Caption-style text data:
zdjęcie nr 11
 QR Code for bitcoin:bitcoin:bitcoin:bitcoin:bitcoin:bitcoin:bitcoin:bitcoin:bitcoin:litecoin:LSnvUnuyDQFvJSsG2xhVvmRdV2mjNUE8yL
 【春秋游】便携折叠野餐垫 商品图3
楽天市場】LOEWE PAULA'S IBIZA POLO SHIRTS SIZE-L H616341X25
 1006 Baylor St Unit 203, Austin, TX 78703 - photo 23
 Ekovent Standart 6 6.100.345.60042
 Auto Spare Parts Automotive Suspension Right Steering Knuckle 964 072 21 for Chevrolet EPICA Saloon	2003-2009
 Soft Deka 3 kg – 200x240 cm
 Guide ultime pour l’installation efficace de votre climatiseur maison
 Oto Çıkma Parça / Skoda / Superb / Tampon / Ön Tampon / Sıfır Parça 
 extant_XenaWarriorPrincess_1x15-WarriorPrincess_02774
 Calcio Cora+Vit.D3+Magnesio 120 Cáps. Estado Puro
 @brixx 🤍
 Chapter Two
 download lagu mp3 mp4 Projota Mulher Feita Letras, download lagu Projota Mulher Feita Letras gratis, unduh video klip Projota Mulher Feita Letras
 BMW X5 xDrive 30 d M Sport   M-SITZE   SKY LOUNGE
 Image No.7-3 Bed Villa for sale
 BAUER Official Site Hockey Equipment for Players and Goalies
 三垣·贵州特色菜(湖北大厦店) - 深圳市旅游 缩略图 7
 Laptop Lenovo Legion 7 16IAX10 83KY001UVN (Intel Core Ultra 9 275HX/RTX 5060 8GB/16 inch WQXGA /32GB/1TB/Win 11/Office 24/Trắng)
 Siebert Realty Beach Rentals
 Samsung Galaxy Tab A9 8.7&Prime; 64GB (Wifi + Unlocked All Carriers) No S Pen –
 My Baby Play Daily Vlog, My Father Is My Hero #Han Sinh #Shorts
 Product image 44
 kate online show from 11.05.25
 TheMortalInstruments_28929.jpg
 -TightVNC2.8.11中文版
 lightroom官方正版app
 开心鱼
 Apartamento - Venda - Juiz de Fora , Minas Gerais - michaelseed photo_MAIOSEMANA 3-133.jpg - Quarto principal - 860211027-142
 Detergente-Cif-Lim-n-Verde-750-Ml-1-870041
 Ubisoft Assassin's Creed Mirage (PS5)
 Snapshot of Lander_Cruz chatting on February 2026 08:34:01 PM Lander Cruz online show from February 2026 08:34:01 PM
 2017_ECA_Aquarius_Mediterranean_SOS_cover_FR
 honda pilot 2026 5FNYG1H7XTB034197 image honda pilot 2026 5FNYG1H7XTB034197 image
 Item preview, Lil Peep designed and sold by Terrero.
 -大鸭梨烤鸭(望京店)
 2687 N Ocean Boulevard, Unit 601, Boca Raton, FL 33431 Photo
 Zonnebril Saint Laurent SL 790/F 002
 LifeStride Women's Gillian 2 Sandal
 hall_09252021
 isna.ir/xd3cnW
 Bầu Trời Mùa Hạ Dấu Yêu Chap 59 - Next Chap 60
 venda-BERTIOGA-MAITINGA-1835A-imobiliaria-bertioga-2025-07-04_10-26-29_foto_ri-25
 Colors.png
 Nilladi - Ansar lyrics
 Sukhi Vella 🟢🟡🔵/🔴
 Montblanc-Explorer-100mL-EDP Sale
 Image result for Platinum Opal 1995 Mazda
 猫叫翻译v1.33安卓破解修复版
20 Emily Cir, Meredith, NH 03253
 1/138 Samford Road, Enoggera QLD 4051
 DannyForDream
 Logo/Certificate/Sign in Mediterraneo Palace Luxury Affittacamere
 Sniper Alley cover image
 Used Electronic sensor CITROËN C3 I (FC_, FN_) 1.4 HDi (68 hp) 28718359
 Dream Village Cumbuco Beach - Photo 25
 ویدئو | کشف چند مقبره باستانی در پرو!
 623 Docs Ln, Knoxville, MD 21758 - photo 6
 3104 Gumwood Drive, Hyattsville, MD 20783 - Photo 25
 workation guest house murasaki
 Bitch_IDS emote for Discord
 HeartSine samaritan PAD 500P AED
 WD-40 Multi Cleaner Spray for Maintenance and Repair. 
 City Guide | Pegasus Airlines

__ACTIVITY__: Every line from the one with "HeartSine samaritan PAD 500P AED" through the last line of the records above should be returned exactly, please, and no others.

__YOUR SOLUTION__:
 HeartSine samaritan PAD 500P AED
 WD-40 Multi Cleaner Spray for Maintenance and Repair. 
 City Guide | Pegasus Airlines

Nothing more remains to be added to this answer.